━━━━━ Available data ━━━━━

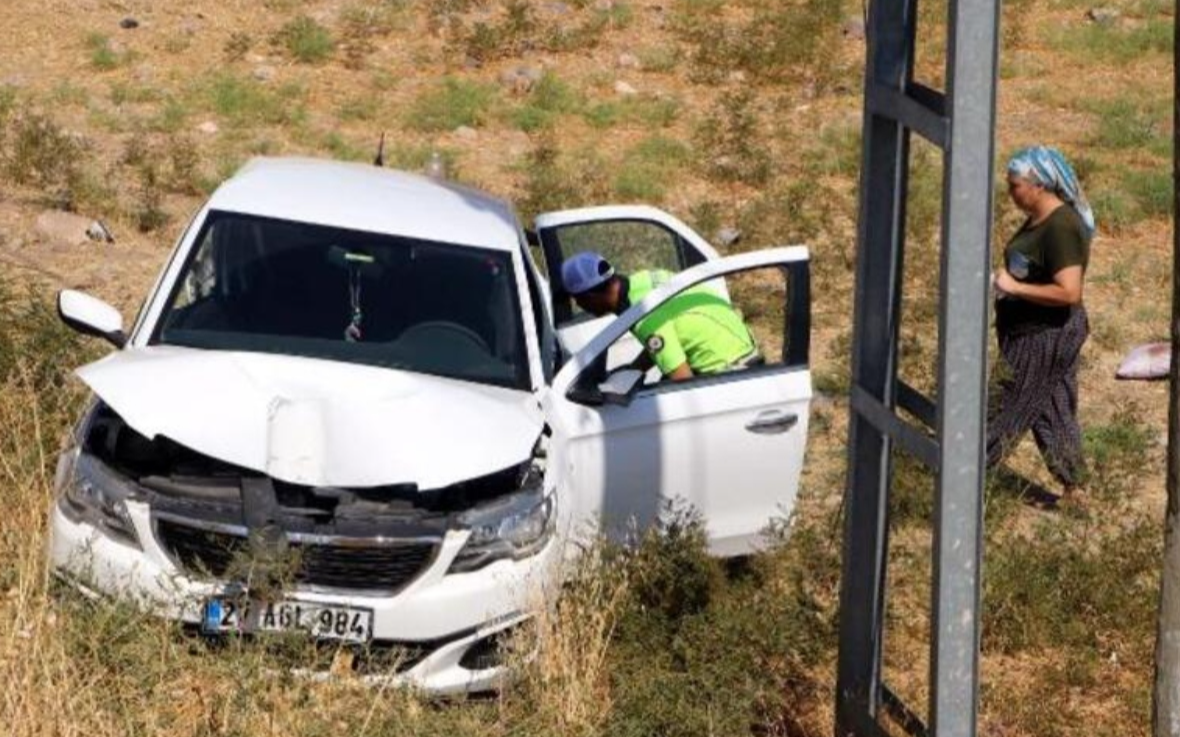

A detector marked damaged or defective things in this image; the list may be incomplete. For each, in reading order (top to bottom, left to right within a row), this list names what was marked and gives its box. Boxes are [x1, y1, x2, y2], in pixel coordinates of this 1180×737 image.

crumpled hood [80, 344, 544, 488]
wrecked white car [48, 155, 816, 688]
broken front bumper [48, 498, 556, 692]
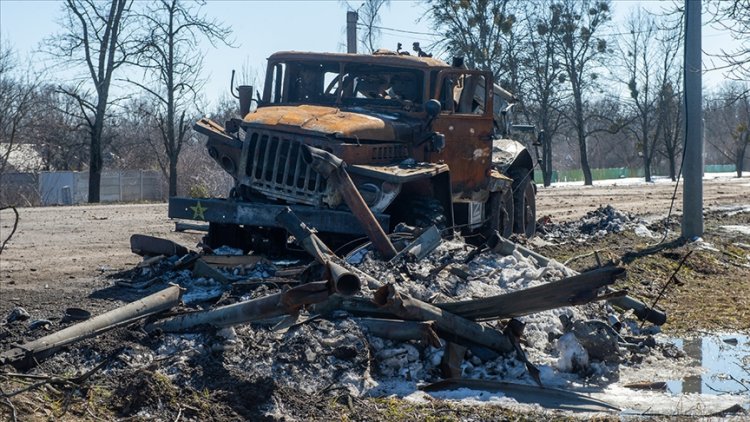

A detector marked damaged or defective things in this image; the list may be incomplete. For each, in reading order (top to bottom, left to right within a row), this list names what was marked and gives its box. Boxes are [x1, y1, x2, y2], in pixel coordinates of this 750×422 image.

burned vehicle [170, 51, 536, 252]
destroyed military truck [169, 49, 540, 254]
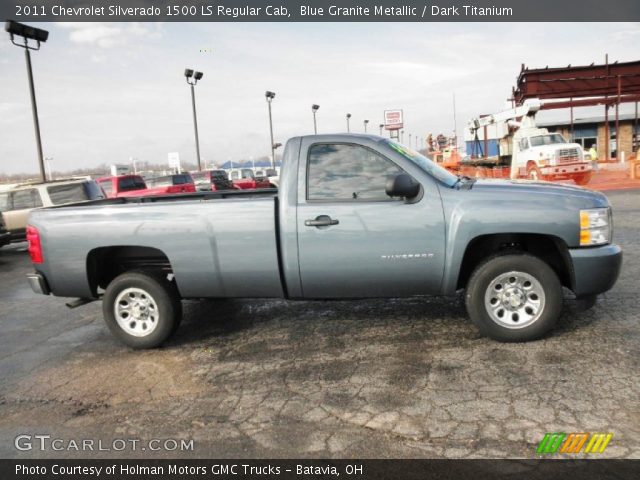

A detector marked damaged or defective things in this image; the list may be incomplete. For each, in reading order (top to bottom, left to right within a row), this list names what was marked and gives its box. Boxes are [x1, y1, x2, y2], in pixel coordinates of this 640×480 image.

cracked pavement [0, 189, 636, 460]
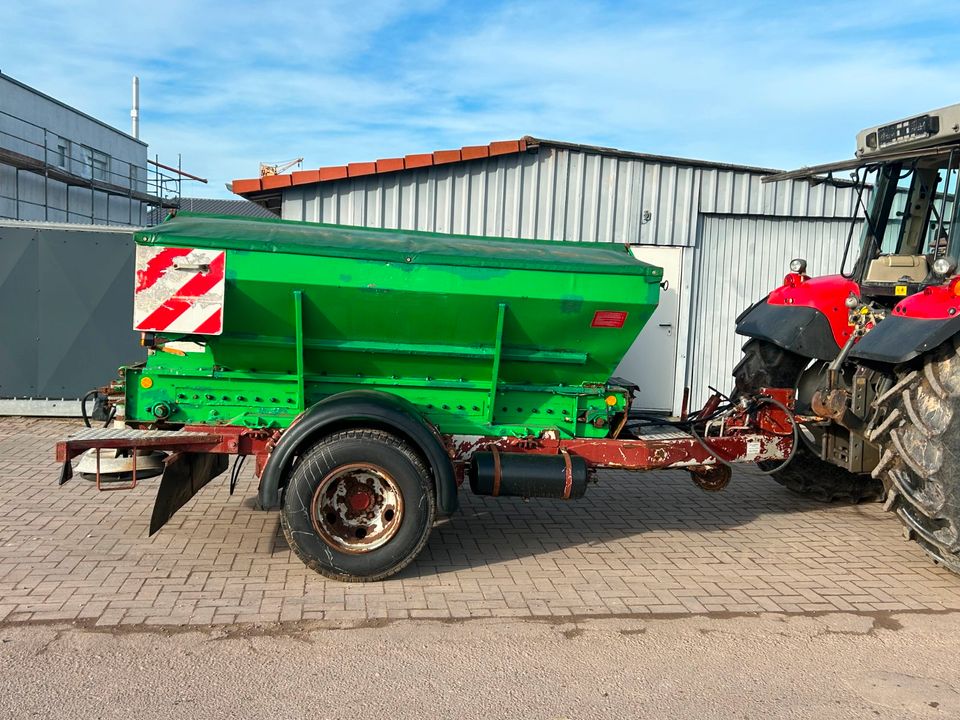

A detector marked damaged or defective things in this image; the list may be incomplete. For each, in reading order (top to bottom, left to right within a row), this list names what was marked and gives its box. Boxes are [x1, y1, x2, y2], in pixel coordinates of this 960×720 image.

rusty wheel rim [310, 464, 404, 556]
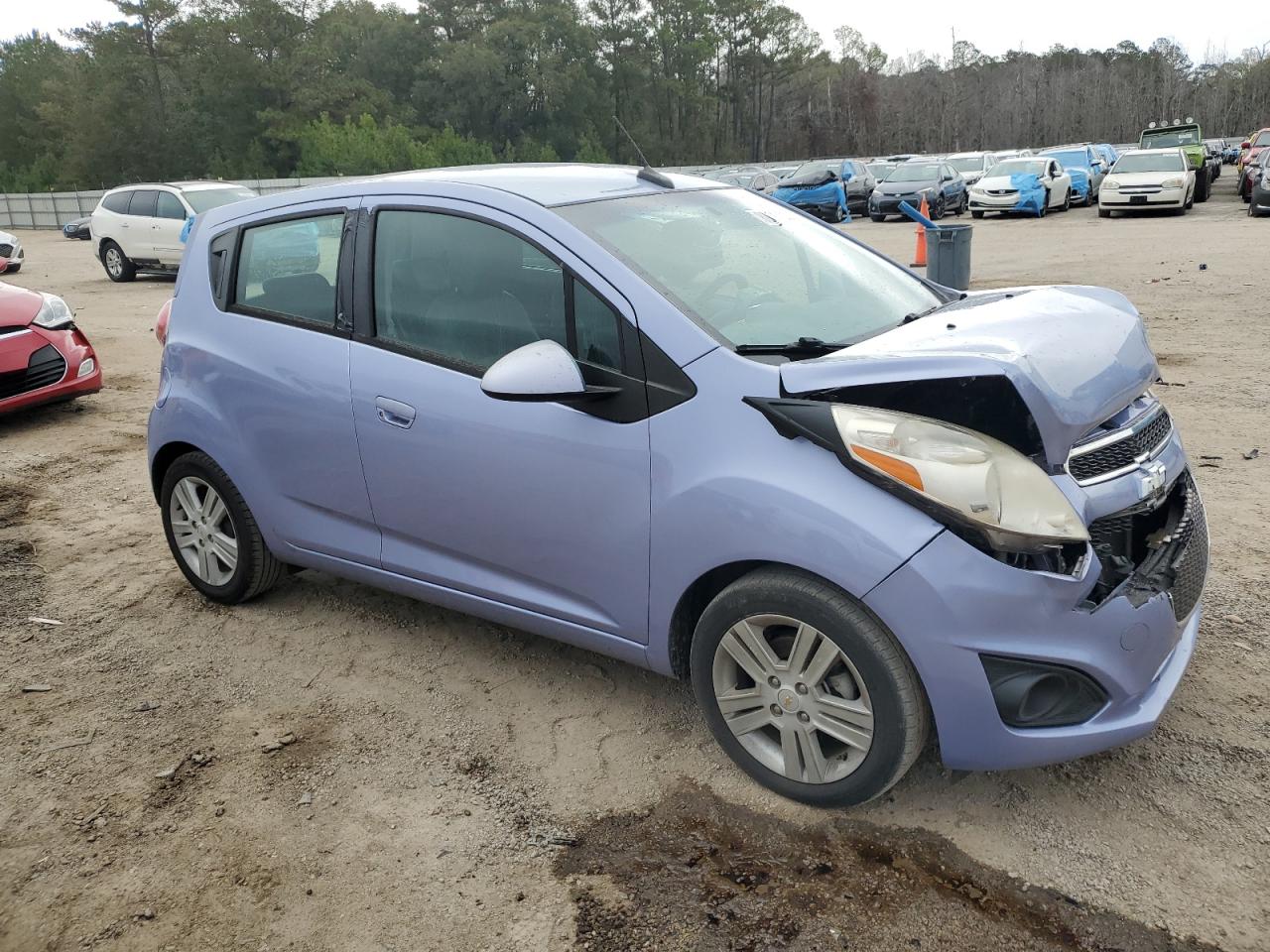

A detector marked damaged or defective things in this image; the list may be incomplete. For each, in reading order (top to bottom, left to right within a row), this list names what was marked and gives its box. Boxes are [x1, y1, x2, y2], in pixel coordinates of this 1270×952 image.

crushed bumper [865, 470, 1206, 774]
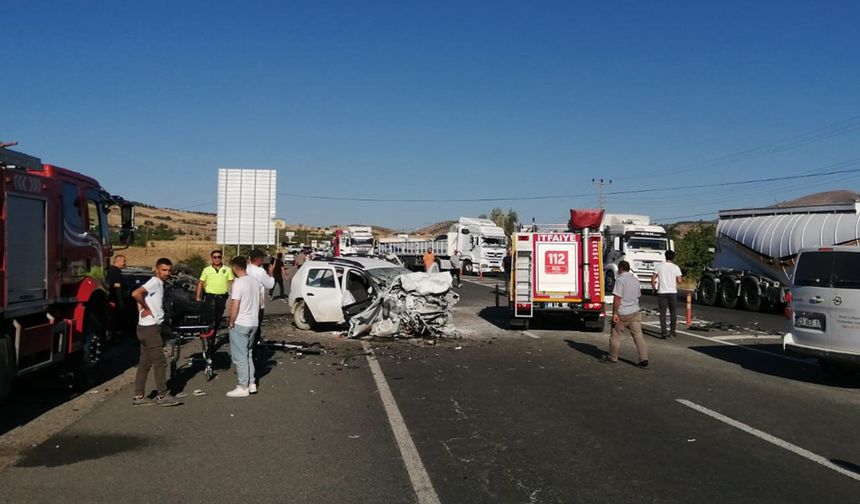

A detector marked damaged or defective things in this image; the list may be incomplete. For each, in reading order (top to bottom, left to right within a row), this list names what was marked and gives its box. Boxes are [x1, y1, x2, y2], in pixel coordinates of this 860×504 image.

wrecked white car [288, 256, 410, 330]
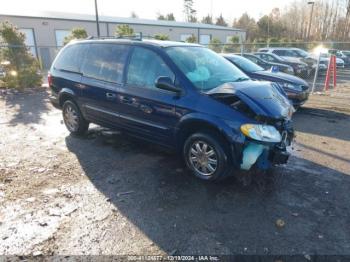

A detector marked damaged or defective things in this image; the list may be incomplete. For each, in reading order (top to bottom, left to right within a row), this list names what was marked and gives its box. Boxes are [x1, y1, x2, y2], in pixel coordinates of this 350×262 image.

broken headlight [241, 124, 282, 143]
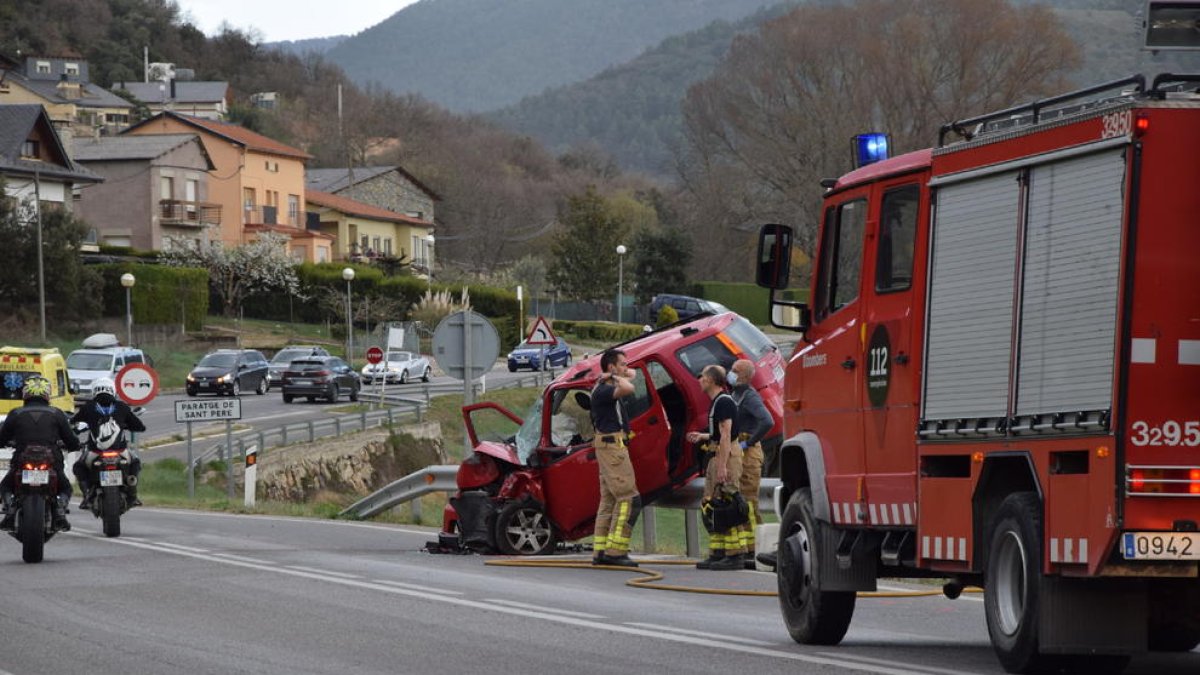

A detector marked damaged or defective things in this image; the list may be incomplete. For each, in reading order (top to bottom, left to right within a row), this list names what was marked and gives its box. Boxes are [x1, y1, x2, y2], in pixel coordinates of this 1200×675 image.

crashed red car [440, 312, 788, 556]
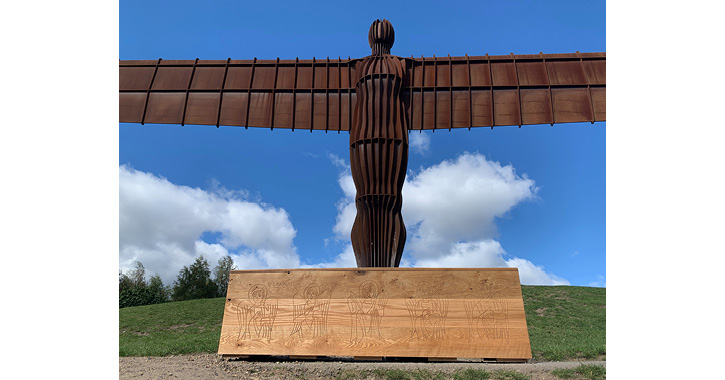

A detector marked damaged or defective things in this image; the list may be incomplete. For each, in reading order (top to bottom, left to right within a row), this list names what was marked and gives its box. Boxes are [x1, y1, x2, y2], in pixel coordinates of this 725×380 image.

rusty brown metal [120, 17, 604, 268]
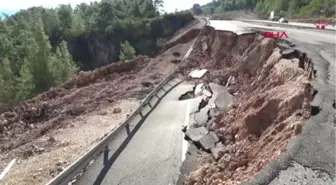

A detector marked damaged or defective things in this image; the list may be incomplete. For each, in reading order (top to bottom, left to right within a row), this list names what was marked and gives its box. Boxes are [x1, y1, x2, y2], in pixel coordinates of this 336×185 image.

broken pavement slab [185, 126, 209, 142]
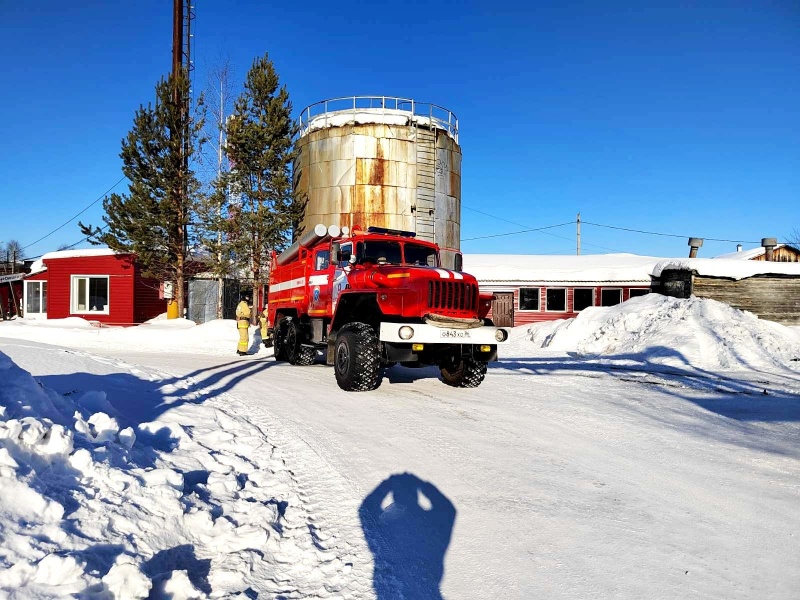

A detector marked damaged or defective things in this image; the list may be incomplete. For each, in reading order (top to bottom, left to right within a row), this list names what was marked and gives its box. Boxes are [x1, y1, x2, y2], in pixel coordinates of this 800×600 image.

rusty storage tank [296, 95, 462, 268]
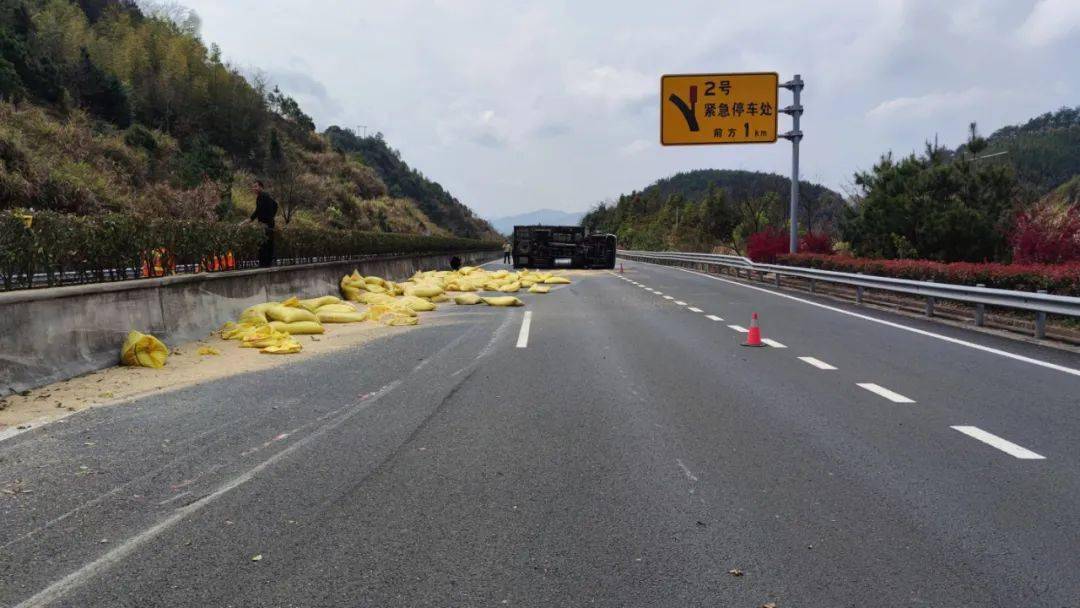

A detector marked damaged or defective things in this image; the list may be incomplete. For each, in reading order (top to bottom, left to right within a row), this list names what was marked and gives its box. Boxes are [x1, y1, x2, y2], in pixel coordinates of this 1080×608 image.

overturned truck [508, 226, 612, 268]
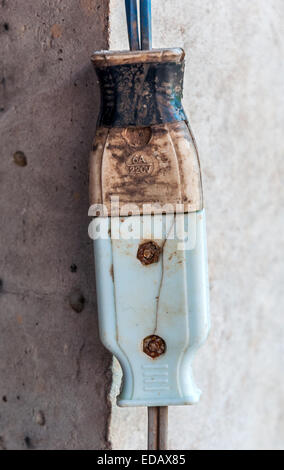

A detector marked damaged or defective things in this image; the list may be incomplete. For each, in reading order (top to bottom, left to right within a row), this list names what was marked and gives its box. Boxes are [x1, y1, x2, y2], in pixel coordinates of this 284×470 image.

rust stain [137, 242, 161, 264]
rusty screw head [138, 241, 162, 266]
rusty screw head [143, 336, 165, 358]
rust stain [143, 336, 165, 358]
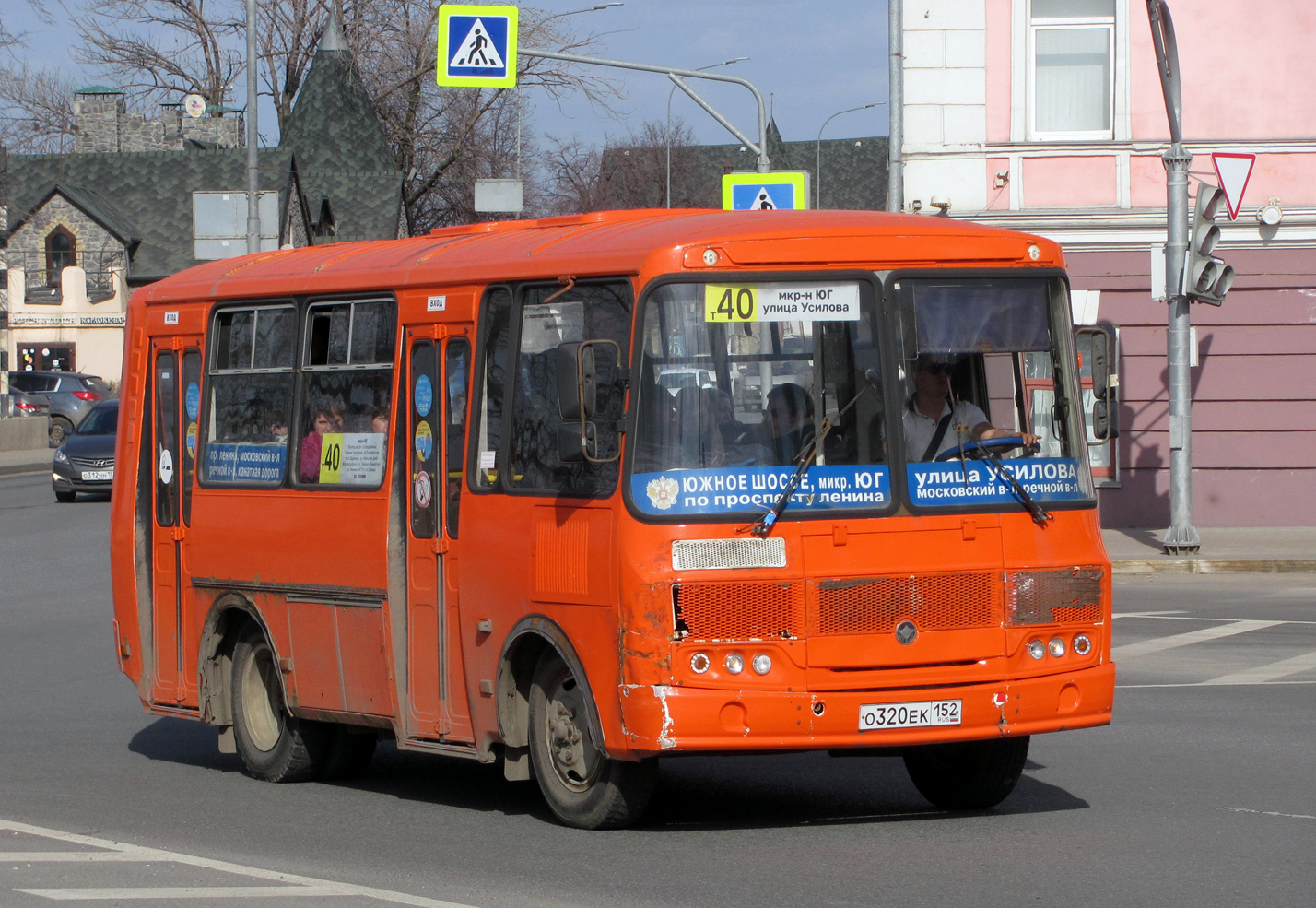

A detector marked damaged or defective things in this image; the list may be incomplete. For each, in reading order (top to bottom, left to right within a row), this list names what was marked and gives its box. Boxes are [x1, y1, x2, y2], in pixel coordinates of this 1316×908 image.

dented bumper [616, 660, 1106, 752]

━━━━━

Please retype the entries above word for word, but only from the line containing "this 284×470 image." through the last line, and without the pictures.

Result:
A detector marked damaged or defective things in this image; the list may be incomplete. For each, in reading order (top to bottom, left to right within a row), this list names what was marked and gives its box. Boxes are [x1, y1, x2, y2], in pixel coordinates of this 284×470 image.

rust stain [137, 242, 161, 264]
rusty screw head [138, 241, 162, 266]
rusty screw head [143, 336, 165, 358]
rust stain [143, 336, 165, 358]

A detector marked damaged or defective things in this image; the list may be incomplete. For each, in reading order (top to bottom, left to right within a row), this list names what was marked and gives its box. Boxes are [x1, y1, x2, y2], in pixel coordinates of this 1316×908 image.

dented bumper [616, 660, 1106, 752]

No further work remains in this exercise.